IDLES front man, Joe Talbot, soon takes to the stage. He smiles at the crowd and paces back and forth as the band accompany him. The air is already thick with sweat. Jon Beavis hits his sticks against the rim of his drums. The audience know what is about to take place. They erupt and throw their bodies forward. The bellowing, distorted bass cements what the crowd already knew; IDLES begin with Colossus. We move in anticipation. The crowd swelling like a maelstrom, pushing back and forth as Talbot yells, “forgive me father I have sinned.” The music cuts. We wait. The sweat already dripping down the side of my face. Talbot quickly counts, “One, two.” The band erupts. We copy. Limbs are thrown, and bodies smash like wild animals fighting for prey.

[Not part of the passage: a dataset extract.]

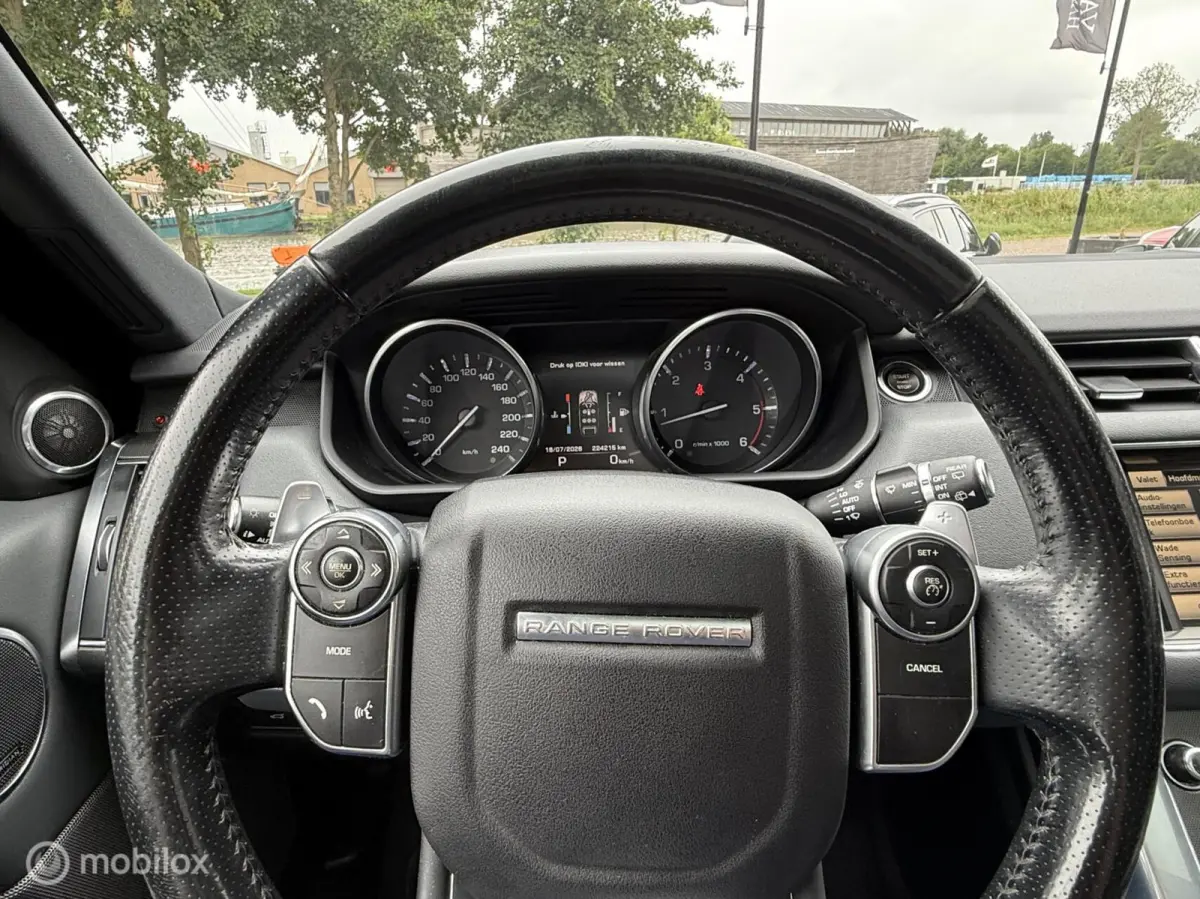 3.0 SDV6 HSE dynamic, trekhaak, pano dak, op 05-2027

IDLES quickly transition into Never Fight A Man With A Perm. Talbot is a force to be reckoned with on stage. His strong demeanour is captivating for those not preoccupied in the mosh. The crowd help him with each lyric. We yell, “Concrete and leather,” back at the stage, overpowering any sound bellowing out. IDLES move into Mother, their ferocious single off their 2017 album Brutalism. The bass roars from the stage, the crashing drums giving us rhythm to mosh to. The air is now thicker than before. I struggle for breath in between accompanying my fellow compatriots in the pit. We scream the lyrics back at the band. IDLES are now drenched in sweat, something our cross-continental-cousins welcome as guitarists Mark Bowen and Lee Kiernan flick their wet hair back and forth. The band treat us to back to back head-bangers with I’m Scum and Danny Nedelko, the latter reinvigorating the maelstrom. We don’t get a chance to breathe until IDLES slow things down a notch with Divide & Conquer. Television and Great pick the tempo back up, our shirts are now heavy and as see through as a greasy sausage roll bag. Some punters have stripped the shirts off their back. It’s all sweat in The Brightside’s pit.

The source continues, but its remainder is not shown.